Research and development costs are expensed as incurred. Research and development costs consist of costs incurred to discover, research and develop products, and include personnel expenses, facility-related and depreciation expenses, and external costs of outside suppliers.

*Income Taxes*

The Company follows the asset and liability method of accounting for income taxes under FASB ASC 740, *Income Taxes*. Deferred tax assets and liabilities are recognized for the estimated future tax consequences attributable to differences between the financial statement carrying amounts of existing assets and liabilities and their respective tax bases. Deferred income tax assets and liabilities are measured using enacted tax rates expected to apply to taxable income in the years in which those temporary differences are expected to be recovered or settled. The effect on deferred tax assets and liabilities of a change in tax rates is recognized in income in the period that included the enactment date. Valuation allowances are established, when necessary, to reduce deferred tax assets to the amount expected to be realized.

FASB ASC 740 prescribes a recognition threshold and a measurement attribute for the financial statement recognition and measurement of tax positions taken or expected to be taken in a tax return. For those benefits to be recognized, a tax position must be more likely than not to be sustained upon examination by taxing authorities. There were no unrecognized tax benefits as of September 30, 2025 and 2024. The Company is currently not aware of any issues under review that could result in significant payments, accruals or material deviation from its position. The Company is no longer subject to tax examinations by tax authorities for the years prior to 2021.

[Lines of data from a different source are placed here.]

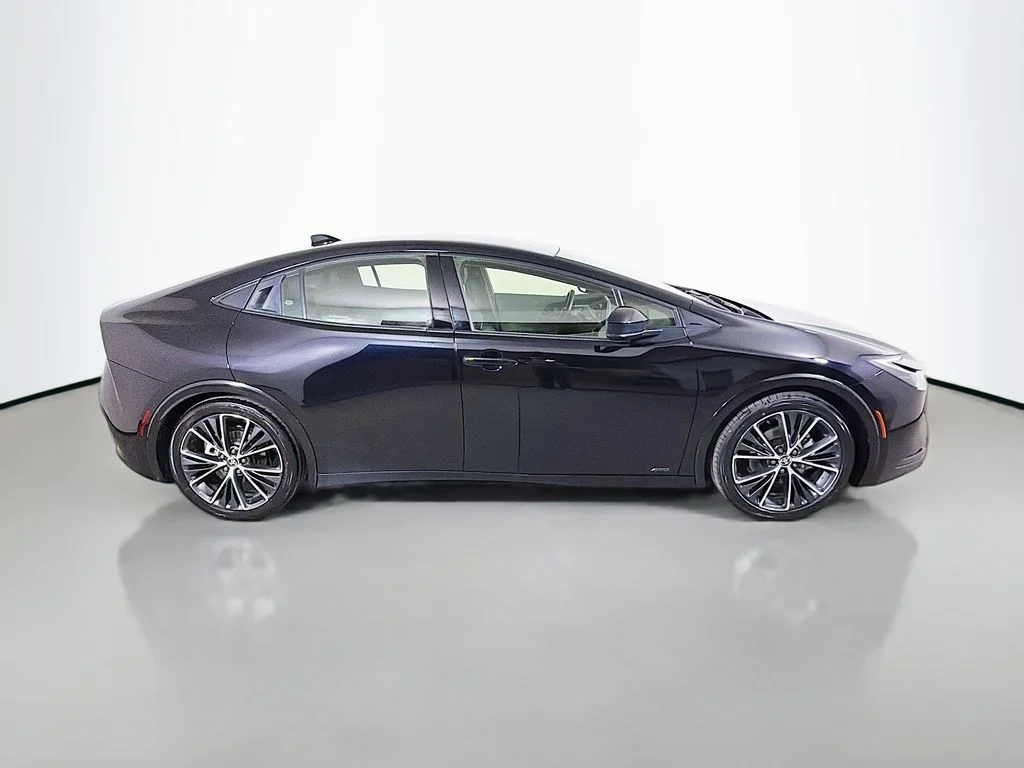 Used 2023 Black Toyota XLE image 5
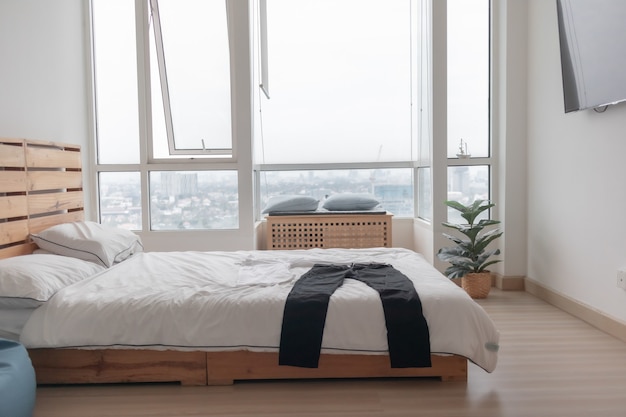 Kleren liggend op het bed in de slaapkamer in concept van voorbereiding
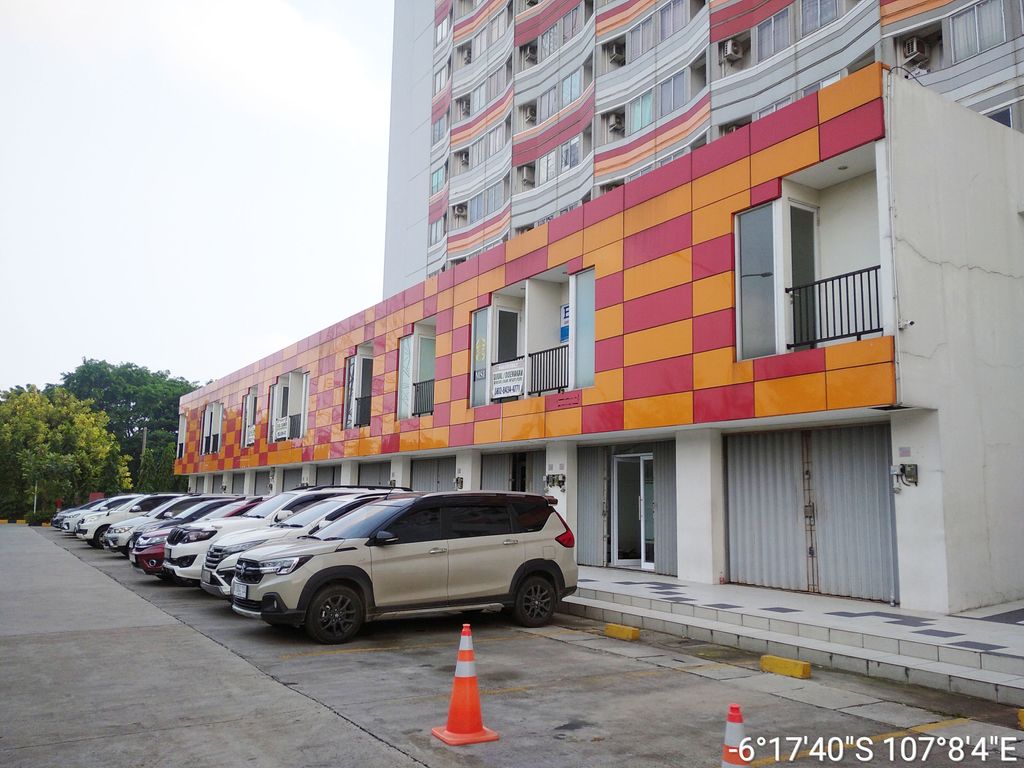 foto tampak rumah tipe City View perumahan Riverview Residence Ruko Mahakam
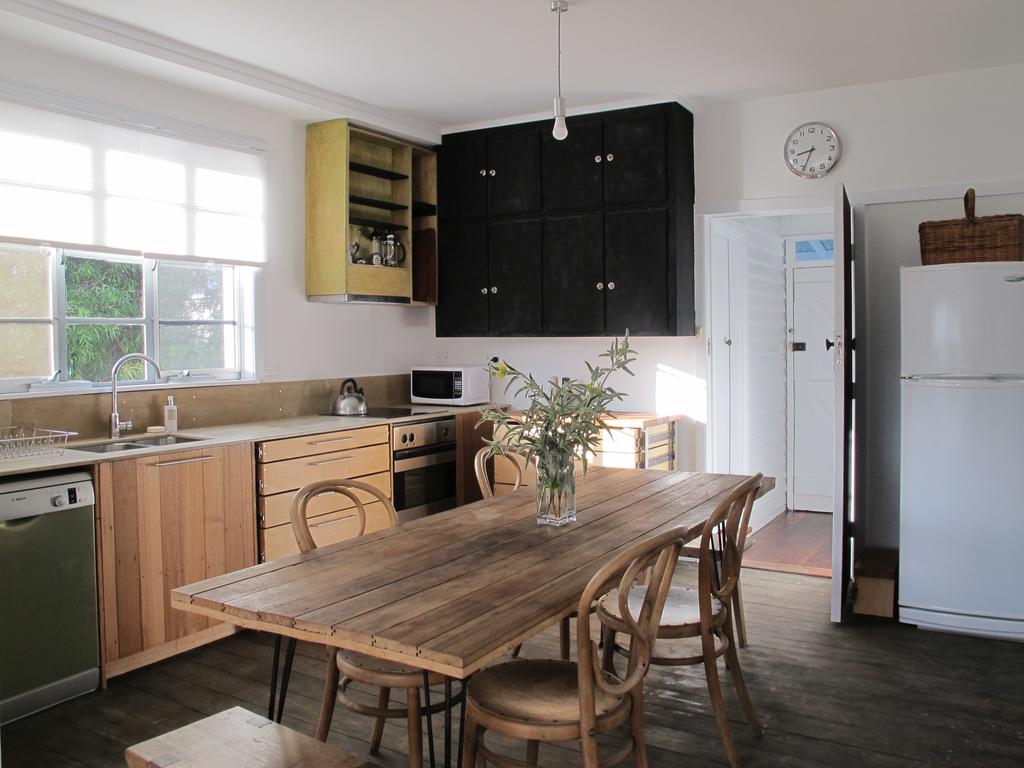 Main Lead VIC Accommodation Mermaid Beach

The Company may be subject to potential examination by federal, state, and city taxing authorities in the areas of income taxes.

These potential examinations may include questioning the timing and amount of deductions, the nexus of income among various tax jurisdictions, and compliance with federal, state, and city tax laws. Management does not expect that the total amount of unrecognized tax benefits will materially change over the next twelve months.

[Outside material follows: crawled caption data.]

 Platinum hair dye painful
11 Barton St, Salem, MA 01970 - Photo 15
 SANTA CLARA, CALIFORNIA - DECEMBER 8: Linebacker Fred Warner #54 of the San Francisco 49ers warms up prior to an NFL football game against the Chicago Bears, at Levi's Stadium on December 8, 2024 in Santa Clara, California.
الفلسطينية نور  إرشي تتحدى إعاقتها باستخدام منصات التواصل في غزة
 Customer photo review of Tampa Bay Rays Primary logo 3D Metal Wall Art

*Basic and Diluted Income (Loss) Per Common Share*

Income (loss) per share – basic is calculated by dividing net income (loss) by the weighted average number of shares of stock outstanding during the year, including shares issuable without additional consideration. Income per share – assuming dilution is calculated by dividing net income by the weighted average number of shares outstanding during the year adjusted for the effect of dilutive potential shares from options and warrants calculated using the treasury stock method and the if-converted method for preferred stock. There are 1,134,272 dilutive stock options for the three months ended September 30, 2025 as the Company reported net income for the period. There were no dilutive potential common shares for the nine months ended September 30, 2025 or the three or nine months ended September 30, 2024, because the Company incurred a net loss and basic and diluted losses per common share are the same.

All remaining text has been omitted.